Segment Open
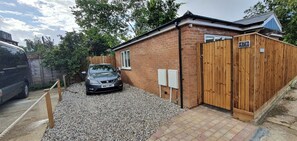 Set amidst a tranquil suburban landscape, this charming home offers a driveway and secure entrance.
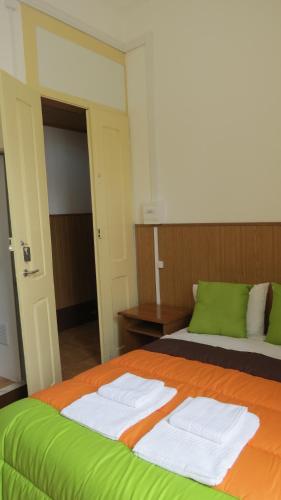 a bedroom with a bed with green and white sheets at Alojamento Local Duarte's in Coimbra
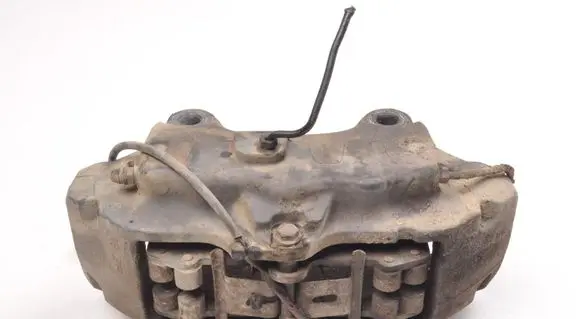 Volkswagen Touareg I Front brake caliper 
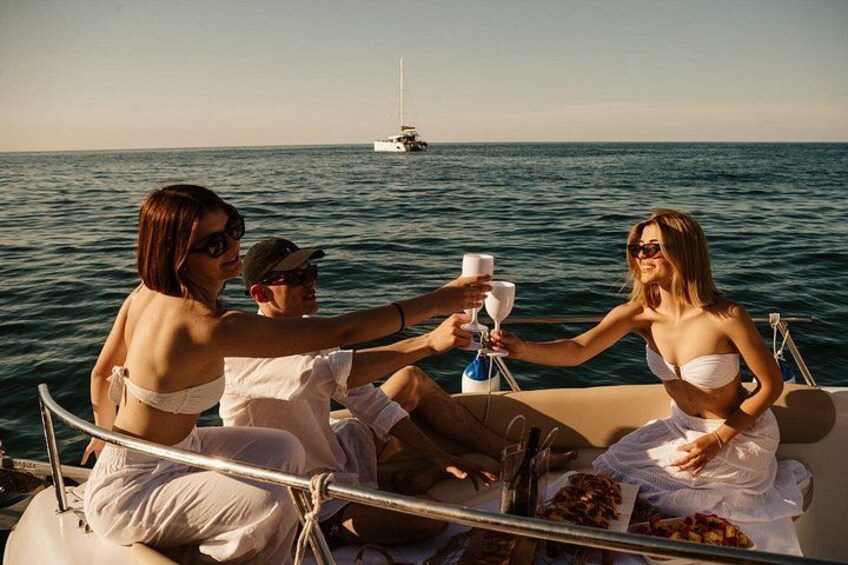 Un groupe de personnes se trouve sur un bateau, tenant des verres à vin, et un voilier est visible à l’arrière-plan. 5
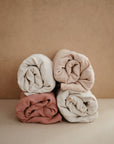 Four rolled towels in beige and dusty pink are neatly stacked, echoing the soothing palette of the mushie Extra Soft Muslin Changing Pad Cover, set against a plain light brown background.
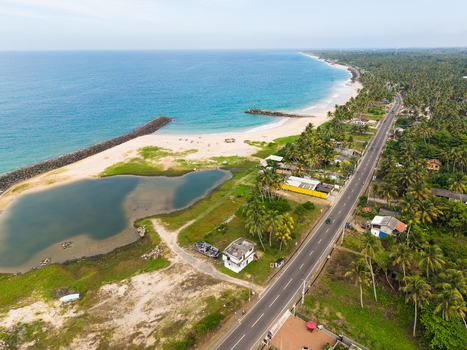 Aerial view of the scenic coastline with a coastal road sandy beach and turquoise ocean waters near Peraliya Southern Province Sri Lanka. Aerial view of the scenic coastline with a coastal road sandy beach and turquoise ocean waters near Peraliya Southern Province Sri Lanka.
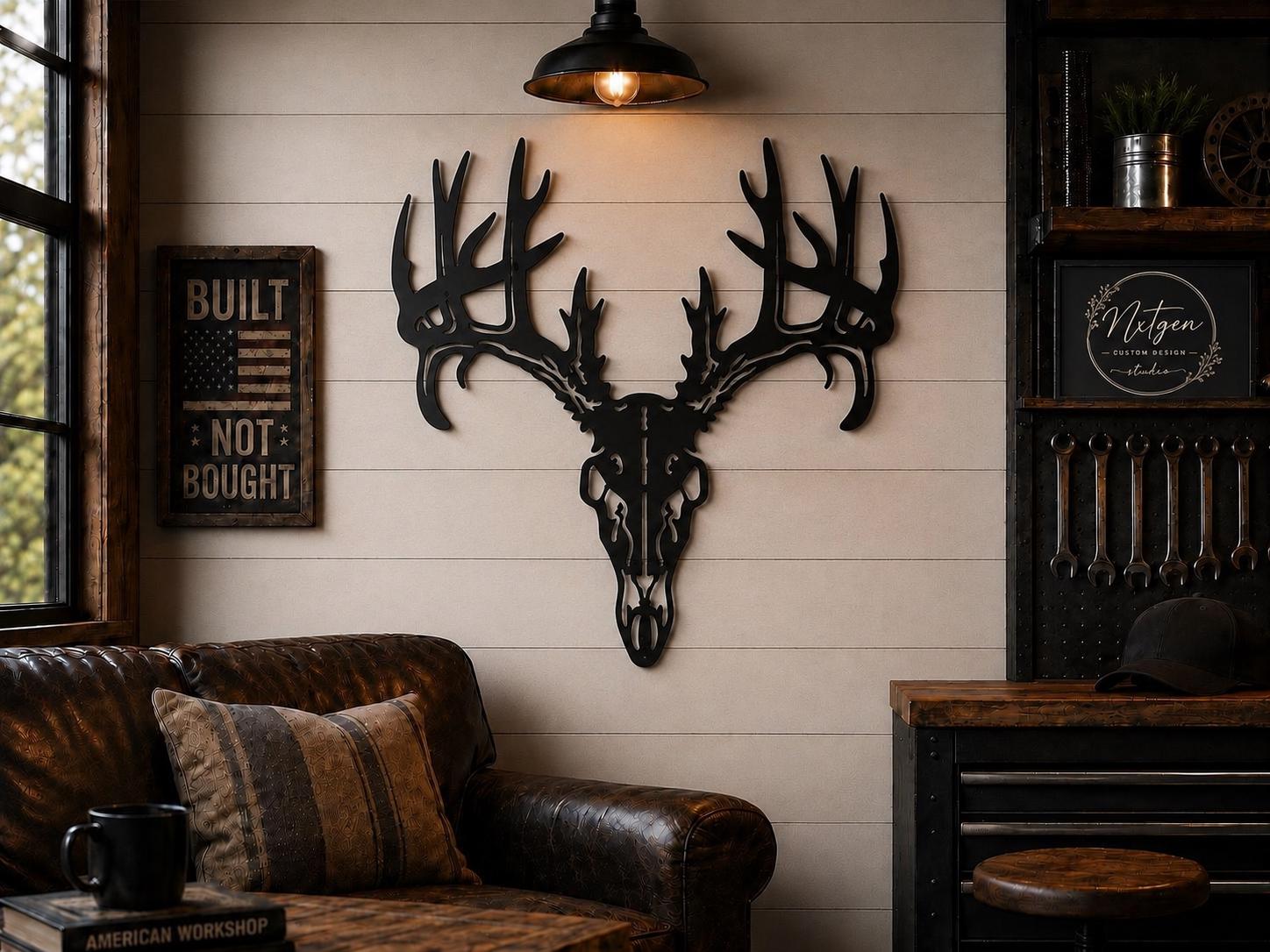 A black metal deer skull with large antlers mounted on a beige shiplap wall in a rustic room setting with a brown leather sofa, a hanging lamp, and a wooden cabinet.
Segment Closed
• _Activity_
From the first line to the last, retype the material exactly and exclude the pictures.

• _Task solution_
 Set amidst a tranquil suburban landscape, this charming home offers a driveway and secure entrance.
 a bedroom with a bed with green and white sheets at Alojamento Local Duarte's in Coimbra
 Volkswagen Touareg I Front brake caliper 
 Un groupe de personnes se trouve sur un bateau, tenant des verres à vin, et un voilier est visible à l’arrière-plan. 5
 Four rolled towels in beige and dusty pink are neatly stacked, echoing the soothing palette of the mushie Extra Soft Muslin Changing Pad Cover, set against a plain light brown background.
 Aerial view of the scenic coastline with a coastal road sandy beach and turquoise ocean waters near Peraliya Southern Province Sri Lanka. Aerial view of the scenic coastline with a coastal road sandy beach and turquoise ocean waters near Peraliya Southern Province Sri Lanka.
 A black metal deer skull with large antlers mounted on a beige shiplap wall in a rustic room setting with a brown leather sofa, a hanging lamp, and a wooden cabinet.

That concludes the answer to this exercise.